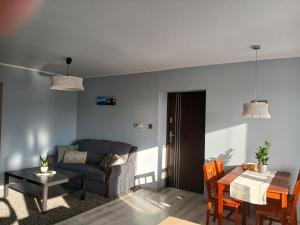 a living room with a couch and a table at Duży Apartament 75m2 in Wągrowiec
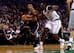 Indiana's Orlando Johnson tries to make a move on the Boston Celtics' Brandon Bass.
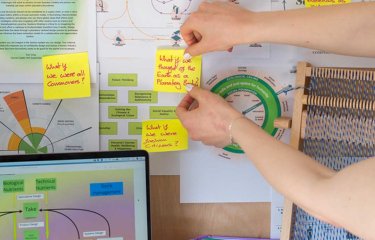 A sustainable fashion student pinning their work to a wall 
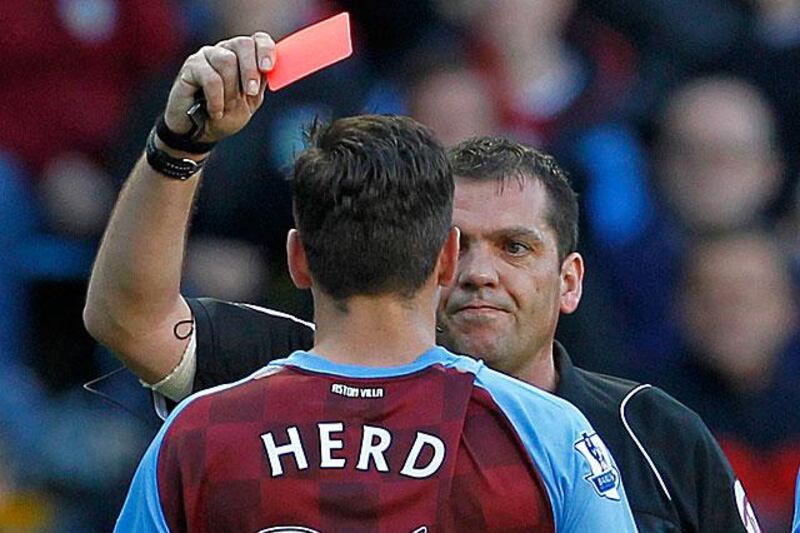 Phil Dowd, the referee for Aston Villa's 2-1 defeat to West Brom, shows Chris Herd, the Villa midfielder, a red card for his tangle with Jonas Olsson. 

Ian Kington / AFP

...

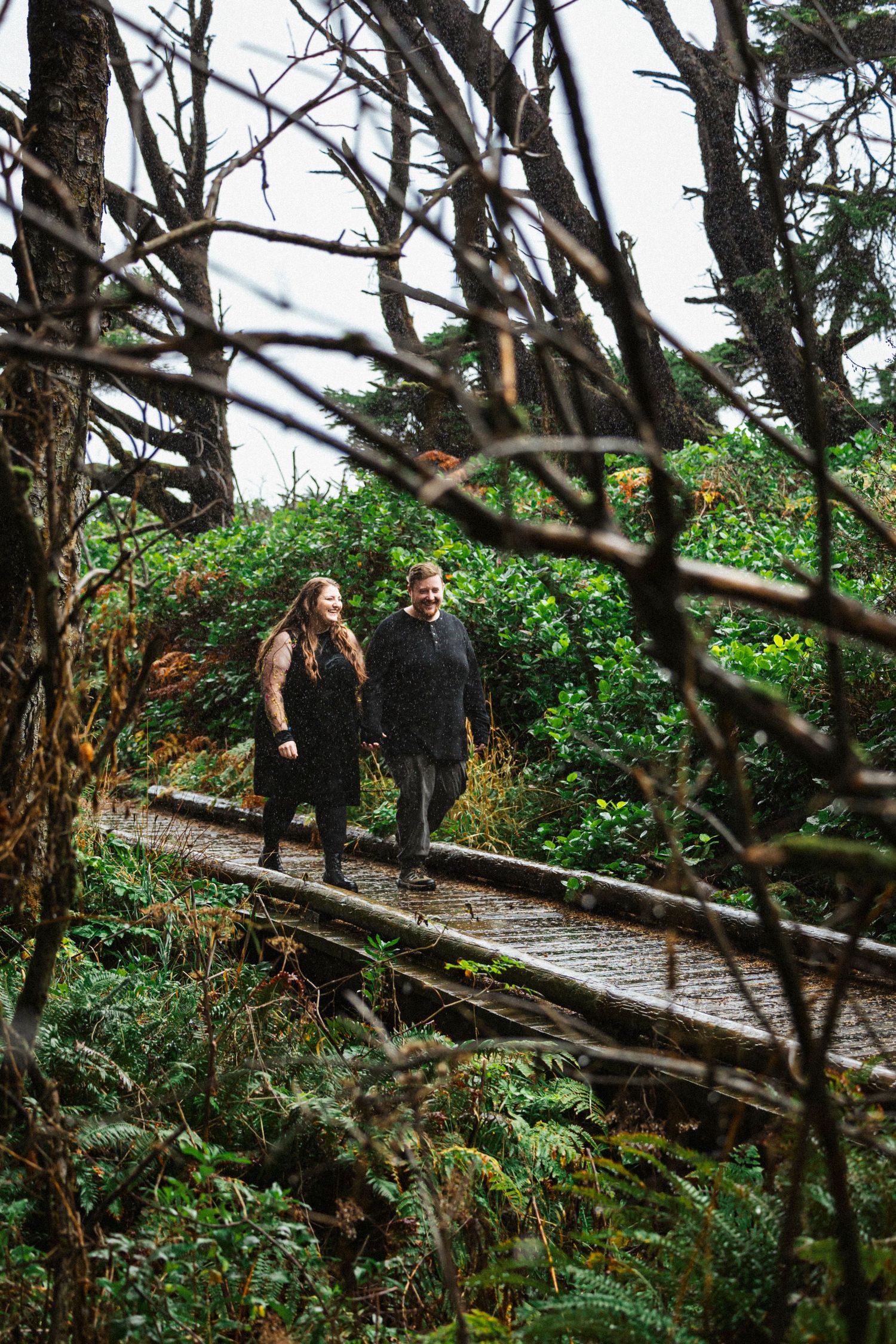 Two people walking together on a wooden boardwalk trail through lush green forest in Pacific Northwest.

▸ Exercise requirements: Output exactly the lines above that lie between the line with "Phil Dowd, the" and the line with "Ian Kington / AFP", those two lines included, and no pictures.

▸ Answer to the problem:
 Phil Dowd, the referee for Aston Villa's 2-1 defeat to West Brom, shows Chris Herd, the Villa midfielder, a red card for his tangle with Jonas Olsson. 

Ian Kington / AFP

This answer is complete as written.